Still I move in for a closer investigation. My reflection hangs in the bright surface of the screen and I am relieved to see that my hair looks—this is unbelievable—great! I nod approvingly at myself, though Parry and Ian and Gardner assume I am nodding approvingly at their TV—which maybe I am. It will look nice above their fireplace, with the leather sofas and the oak table and and the oil paintings and all the other nice-looking things Harvard-summa-cum-laude-cum-i-banker boys have that I wouldn’t notice if they didn’t really mean anything to me.

Would I look nice here, Gardner? I could certainly try.

“You should hang out for dinner,” he says.

“Well, I have a thing. But I’m not sure my thing is set yet, you know, I have to see. I have to call my friend, who is kind of a flake?”

“We have pasta and sausages. We have new pots. Nonstick stainless titanium alloy Teflon copper-bottom.” He waves his arm at a stack of boxes on the marble kitchen countertop. “Parry’s mom went to Pottery Barn.”

Parry’s shirt is open two buttons, revealing a broad field of handsome curls. He is still glistening ever-so-slightly from the journey with the flatscreen, and when he greeted me a few minutes ago his voice was downright velvety. Now he is standing at the bar in the kitchen, and now he is on the couch with a bottle in his hand before I can blink. Its cap disappears with a soft, beery poof. “A/C up,” he tells Gardner, who takes the remote from its wall brackets and dials down the temp from 75 to 60.

I tell Gardner all about Skidmore, and I drop the name John Updike for no reason, really, as if I had a right to, and Parry says, “Yes. I live by him.”

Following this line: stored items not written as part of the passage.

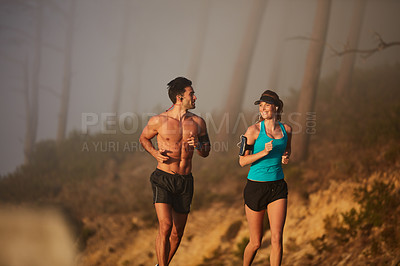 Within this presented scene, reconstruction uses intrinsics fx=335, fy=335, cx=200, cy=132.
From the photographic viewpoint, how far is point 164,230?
4203 mm

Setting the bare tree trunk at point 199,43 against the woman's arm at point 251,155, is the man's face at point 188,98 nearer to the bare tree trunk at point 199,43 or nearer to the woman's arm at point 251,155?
the woman's arm at point 251,155

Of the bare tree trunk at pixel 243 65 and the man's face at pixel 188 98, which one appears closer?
the man's face at pixel 188 98

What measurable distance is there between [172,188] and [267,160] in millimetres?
1282

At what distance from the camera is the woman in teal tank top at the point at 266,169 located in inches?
158

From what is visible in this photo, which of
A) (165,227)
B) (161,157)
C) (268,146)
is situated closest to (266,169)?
(268,146)

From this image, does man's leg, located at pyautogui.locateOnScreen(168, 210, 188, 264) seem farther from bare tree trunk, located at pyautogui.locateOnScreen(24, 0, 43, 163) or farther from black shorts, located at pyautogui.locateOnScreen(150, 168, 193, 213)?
bare tree trunk, located at pyautogui.locateOnScreen(24, 0, 43, 163)

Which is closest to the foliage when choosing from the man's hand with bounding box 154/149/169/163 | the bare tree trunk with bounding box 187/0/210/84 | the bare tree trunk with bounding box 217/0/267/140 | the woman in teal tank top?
the woman in teal tank top

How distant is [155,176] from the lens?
4438 mm

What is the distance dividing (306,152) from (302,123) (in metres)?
0.91

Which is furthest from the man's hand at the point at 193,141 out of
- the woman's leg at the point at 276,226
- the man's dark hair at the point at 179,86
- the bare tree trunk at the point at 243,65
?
the bare tree trunk at the point at 243,65

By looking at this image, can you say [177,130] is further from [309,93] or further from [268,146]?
[309,93]

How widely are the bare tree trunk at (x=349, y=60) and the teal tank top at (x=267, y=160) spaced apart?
9.51 metres

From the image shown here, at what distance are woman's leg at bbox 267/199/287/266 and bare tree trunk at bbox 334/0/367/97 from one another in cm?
971

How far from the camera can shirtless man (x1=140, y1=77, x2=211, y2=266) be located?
431 cm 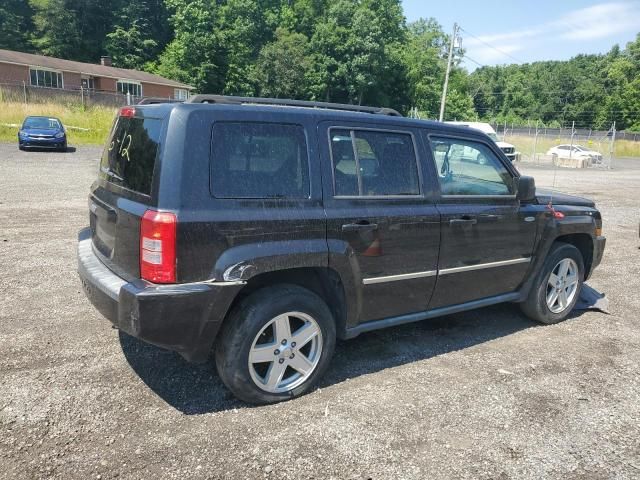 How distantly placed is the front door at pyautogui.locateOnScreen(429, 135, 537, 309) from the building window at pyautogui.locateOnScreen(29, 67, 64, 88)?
45690 mm

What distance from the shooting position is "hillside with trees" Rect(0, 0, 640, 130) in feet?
179

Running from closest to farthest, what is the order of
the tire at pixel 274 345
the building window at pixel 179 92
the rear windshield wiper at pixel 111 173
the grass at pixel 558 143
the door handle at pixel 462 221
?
the tire at pixel 274 345 < the rear windshield wiper at pixel 111 173 < the door handle at pixel 462 221 < the grass at pixel 558 143 < the building window at pixel 179 92

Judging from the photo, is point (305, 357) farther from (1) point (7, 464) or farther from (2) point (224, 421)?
(1) point (7, 464)

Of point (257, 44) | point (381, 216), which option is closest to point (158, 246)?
point (381, 216)

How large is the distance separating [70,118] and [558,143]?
37.3 meters

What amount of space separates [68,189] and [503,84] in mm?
95618

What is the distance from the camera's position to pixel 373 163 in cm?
366

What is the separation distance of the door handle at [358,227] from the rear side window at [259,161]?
347 millimetres

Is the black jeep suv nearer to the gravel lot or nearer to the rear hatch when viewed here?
the rear hatch

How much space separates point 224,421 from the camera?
10.2ft

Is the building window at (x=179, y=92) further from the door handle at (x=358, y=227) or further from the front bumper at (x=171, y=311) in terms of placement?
the front bumper at (x=171, y=311)

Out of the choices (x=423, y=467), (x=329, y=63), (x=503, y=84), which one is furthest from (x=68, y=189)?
(x=503, y=84)

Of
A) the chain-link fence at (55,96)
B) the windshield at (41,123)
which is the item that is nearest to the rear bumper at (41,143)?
the windshield at (41,123)

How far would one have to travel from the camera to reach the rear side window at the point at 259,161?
302cm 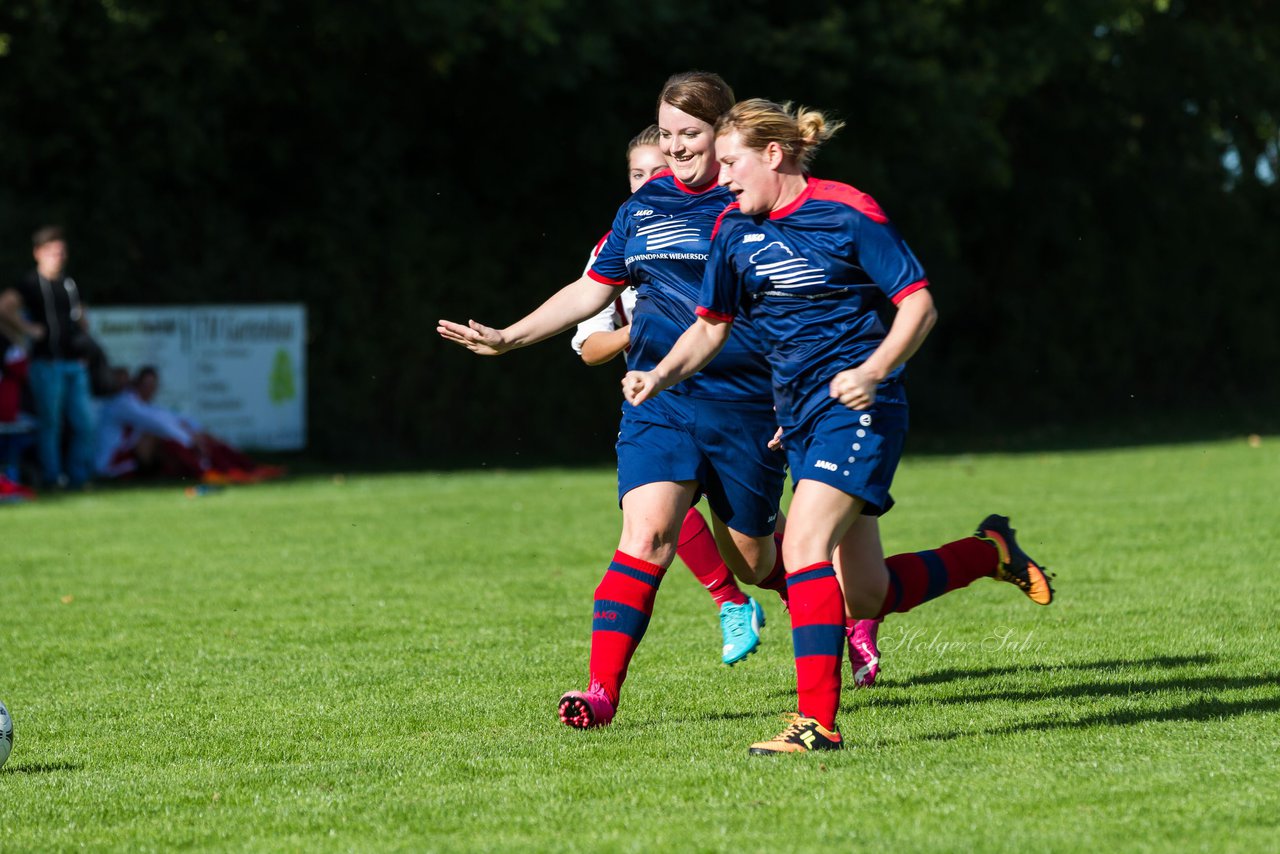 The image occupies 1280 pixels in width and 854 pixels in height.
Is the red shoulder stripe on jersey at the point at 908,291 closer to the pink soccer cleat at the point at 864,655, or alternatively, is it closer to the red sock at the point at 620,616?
the red sock at the point at 620,616

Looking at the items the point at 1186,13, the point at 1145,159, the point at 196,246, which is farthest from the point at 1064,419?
the point at 196,246

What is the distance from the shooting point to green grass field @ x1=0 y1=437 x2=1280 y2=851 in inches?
182

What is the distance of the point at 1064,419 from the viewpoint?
30.9 meters

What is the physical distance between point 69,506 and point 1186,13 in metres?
22.2

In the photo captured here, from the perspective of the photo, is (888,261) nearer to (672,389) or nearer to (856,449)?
(856,449)

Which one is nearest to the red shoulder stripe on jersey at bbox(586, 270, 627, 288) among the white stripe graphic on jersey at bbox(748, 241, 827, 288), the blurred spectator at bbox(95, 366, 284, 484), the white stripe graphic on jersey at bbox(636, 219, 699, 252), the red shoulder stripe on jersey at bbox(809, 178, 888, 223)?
the white stripe graphic on jersey at bbox(636, 219, 699, 252)

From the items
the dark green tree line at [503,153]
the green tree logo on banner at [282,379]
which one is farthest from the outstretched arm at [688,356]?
the green tree logo on banner at [282,379]

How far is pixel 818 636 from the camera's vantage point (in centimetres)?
547

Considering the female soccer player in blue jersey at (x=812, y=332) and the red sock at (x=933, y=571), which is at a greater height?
the female soccer player in blue jersey at (x=812, y=332)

He rises from the couch—the leather retains a luxurious Parry-shaped ass-print—and motions me over to the bookshelf. It’s hidden by the door, but sure enough, it’s big, more than maybe two hundred volumes. He’s got his Updike—Rabbit, Run through Rabbit at Rest, four collections of essays, plus Faulkner, Fitzgerald, Richard Ford. Even poetry, mostly Robert Lowell. All the wise white dons of American lit, more than I’ve ever read and ever will and wish I could—and wouldn’t you know it, half a shelf of Chekhov.

Passing back by the kitchen to the living room, I notice a tattered square of paper magneted to the fridge. It’s a cut-out from Glamour magazine, a little sidebar entitled What Makes a Real Man Sexy? Parry’s headshot is in the corner, and next to it is his quote:

I’m not afraid of who I am. I’ve got a little chest hair, and I like to show it.

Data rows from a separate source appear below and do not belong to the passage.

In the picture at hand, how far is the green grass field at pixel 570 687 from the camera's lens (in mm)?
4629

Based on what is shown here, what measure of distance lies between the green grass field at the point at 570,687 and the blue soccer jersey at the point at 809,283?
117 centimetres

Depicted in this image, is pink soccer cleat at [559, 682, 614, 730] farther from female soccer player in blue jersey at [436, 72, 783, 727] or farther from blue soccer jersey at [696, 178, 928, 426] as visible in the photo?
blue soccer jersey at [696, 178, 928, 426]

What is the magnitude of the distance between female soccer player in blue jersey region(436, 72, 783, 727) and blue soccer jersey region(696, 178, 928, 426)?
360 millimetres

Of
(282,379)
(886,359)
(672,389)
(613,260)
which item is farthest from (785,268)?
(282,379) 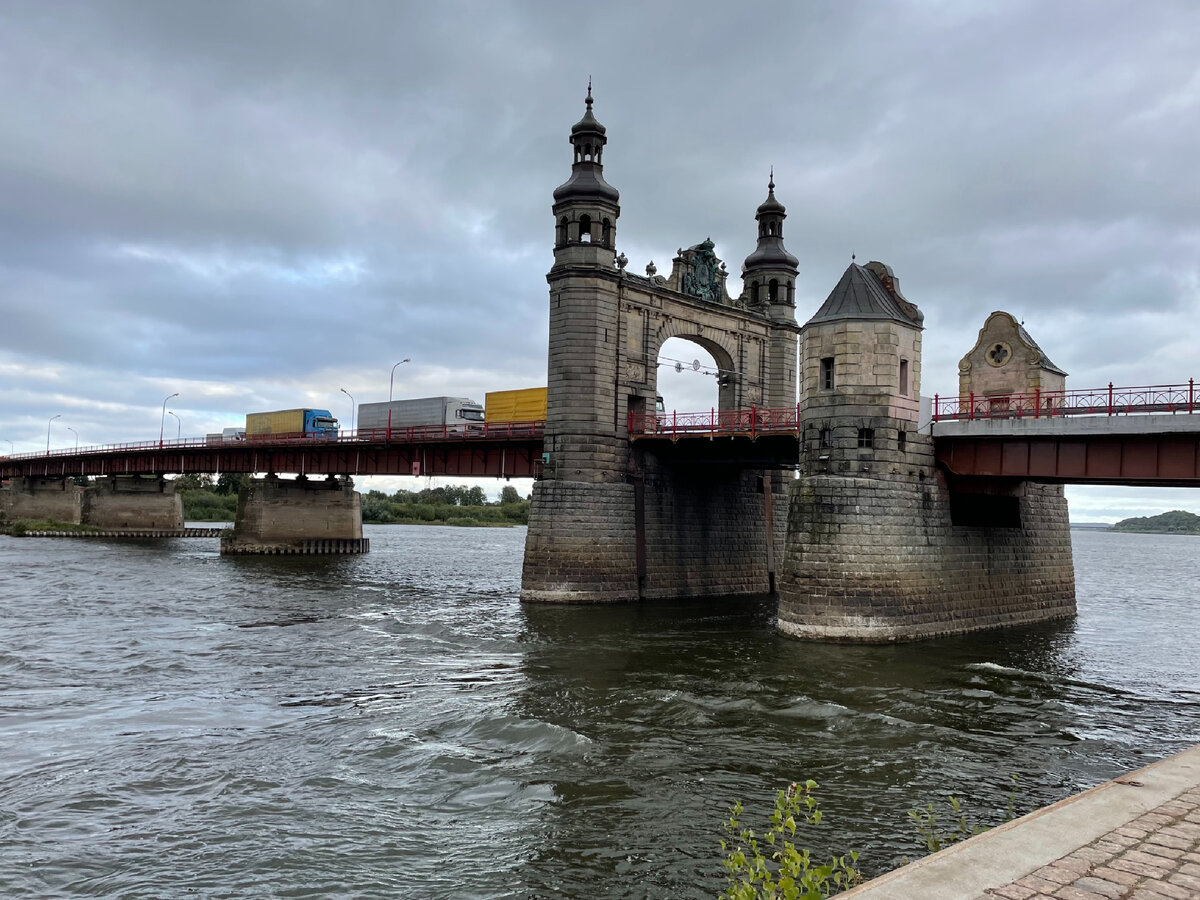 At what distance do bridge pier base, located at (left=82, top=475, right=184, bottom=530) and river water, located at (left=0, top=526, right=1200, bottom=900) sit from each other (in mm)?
66292

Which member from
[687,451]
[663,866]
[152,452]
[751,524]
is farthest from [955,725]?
[152,452]

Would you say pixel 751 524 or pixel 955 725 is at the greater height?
pixel 751 524

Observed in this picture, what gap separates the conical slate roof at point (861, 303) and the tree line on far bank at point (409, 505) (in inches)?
4397

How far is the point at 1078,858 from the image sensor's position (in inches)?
326

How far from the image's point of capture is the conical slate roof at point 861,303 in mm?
32469

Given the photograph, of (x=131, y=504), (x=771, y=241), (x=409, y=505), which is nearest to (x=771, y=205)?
(x=771, y=241)

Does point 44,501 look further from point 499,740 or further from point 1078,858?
point 1078,858

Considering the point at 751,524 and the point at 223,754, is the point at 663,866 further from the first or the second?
the point at 751,524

I’d actually like to hang around, but I have to leave, to meet up with my friend Devin, whom I haven’t seen in at least six months. We have dinner in Nolita. Corn with mayonnaise and cayenne, mojitos while we wait an hour for a table, and by an hour after that I am drunk and we have both have smears of Cuban cheese in the corners of our mouths and couldn’t care less.

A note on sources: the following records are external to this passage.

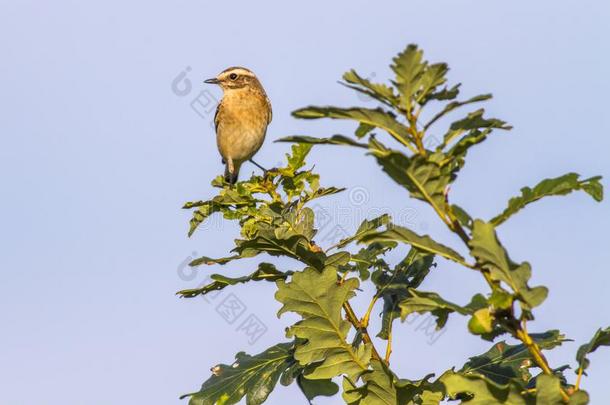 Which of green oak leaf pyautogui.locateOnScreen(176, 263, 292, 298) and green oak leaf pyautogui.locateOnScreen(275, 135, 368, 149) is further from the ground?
green oak leaf pyautogui.locateOnScreen(176, 263, 292, 298)

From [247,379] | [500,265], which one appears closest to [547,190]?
[500,265]

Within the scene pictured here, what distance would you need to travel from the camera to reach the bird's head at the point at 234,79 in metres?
14.7

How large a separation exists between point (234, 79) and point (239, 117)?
103cm

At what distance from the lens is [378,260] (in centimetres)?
489

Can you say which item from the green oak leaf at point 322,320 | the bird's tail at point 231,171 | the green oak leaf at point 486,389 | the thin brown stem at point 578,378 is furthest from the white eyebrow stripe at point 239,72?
the green oak leaf at point 486,389

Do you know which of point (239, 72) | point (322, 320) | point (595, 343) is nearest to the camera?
point (595, 343)

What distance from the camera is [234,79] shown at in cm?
1478

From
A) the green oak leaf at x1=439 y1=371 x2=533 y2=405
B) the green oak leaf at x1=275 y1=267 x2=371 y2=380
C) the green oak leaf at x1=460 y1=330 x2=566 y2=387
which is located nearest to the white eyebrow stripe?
the green oak leaf at x1=460 y1=330 x2=566 y2=387

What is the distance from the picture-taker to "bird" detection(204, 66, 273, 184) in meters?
14.1

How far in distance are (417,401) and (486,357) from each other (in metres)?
0.85

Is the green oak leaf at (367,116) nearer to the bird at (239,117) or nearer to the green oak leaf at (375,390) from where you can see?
the green oak leaf at (375,390)

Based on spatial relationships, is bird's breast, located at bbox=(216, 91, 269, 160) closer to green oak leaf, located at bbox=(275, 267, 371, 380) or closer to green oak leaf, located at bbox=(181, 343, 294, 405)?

An hour after that Gardner comes to join us at a party for a bunch of Columbia film school grad students a few blocks away. I know one person, and he, like everyone else who has one, is completely preoccupied with showing off his iPhone for most of the party.

So I spend my time with my old friend and my older friend, and when Devin leaves to catch his bus back to Boston I curl up on Gardner’s bed, which he has surrendered in favor of the couch. Before I fall asleep, he leans over me and says, “Just so you’re comfortable, if you want you can change the temp,” and waves the A/C remote at me like a magic wand. Then he tiptoes out into the living room and claps his hands twice. The sliver of light at the doorjamb winks out.

X. Blue, or Green

The next morning, Gardner tells me, “I have two towels. The white one has stains. You might want use to the green one, is all I’m saying.”

In the bathroom, the towels indeed number two. One is white and has stains, and the other one is blue.

I start to call, What green one? to Gardner through the door, but I smile instead and press my fingers to my lips. I have forgotten my friend is colorblind. A fleet, feathery something twines up my ribcage and for the sake of shorthand here I’ll call it love. In an instant I know, definitively, why people keep old friends around: to be ambushed by a love like this, a love that risks no disappointment.

Do Parry and Ian help him pick out his polos, the way I know his mother used to, laying them at the edge of his quilt in the morning while he brushes his teeth and puts in his contacts, which I know he wears day in, day out, even though they hurt his eyes terribly and everyone says he looks better in his glasses?

I love you, I think at him. I can hear him banging dishes around the marble kitchen. Parry and Ian are listening to a tennis match on the radio, since they haven’t installed the television yet.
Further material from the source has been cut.